BEGIN RECORDS FOR THIS EXERCISE

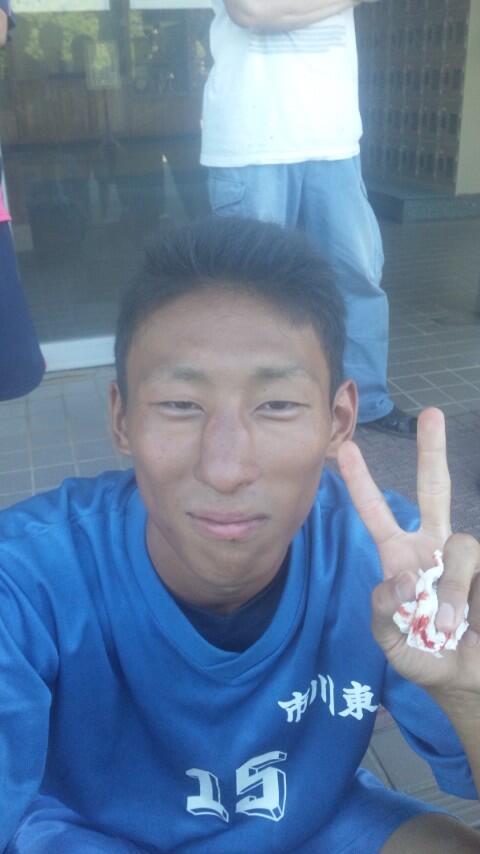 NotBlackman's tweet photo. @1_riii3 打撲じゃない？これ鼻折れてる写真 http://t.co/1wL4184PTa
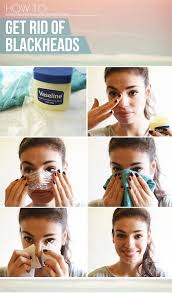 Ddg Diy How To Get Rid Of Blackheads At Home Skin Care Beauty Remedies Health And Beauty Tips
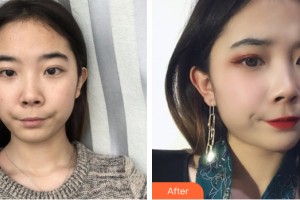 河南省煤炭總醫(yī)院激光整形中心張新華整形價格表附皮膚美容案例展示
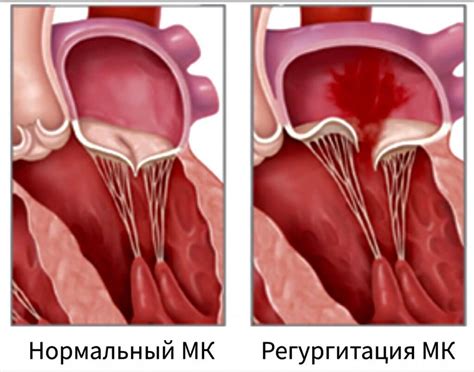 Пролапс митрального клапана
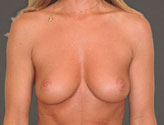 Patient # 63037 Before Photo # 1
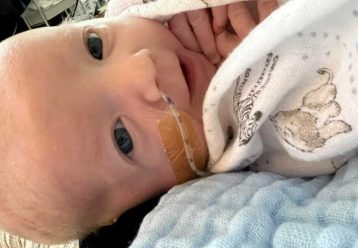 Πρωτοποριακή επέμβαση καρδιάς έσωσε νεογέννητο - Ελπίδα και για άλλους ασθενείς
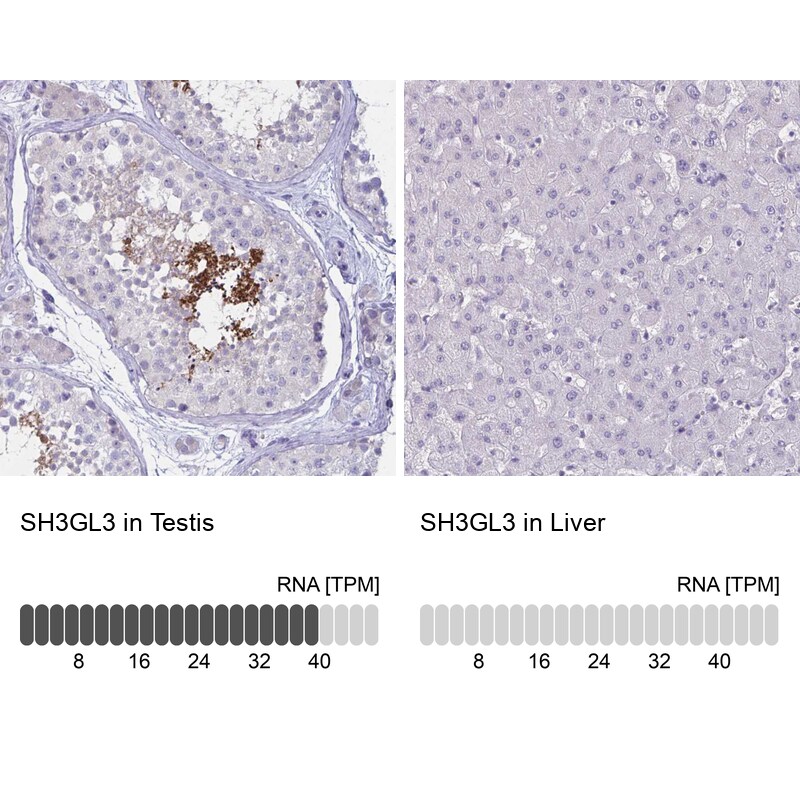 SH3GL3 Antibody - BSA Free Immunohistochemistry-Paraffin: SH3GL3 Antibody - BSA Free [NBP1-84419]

END RECORDS FOR THIS EXERCISE

**WHAT TO DO:**
Only the lines from the one with "Пролапс митрального клапана" through the final line of the entries belong in the answer, set down exactly, with both ends included and no pictures.

**EXERCISE RESPONSE:**
 Пролапс митрального клапана
 Patient # 63037 Before Photo # 1
 Πρωτοποριακή επέμβαση καρδιάς έσωσε νεογέννητο - Ελπίδα και για άλλους ασθενείς
 SH3GL3 Antibody - BSA Free Immunohistochemistry-Paraffin: SH3GL3 Antibody - BSA Free [NBP1-84419]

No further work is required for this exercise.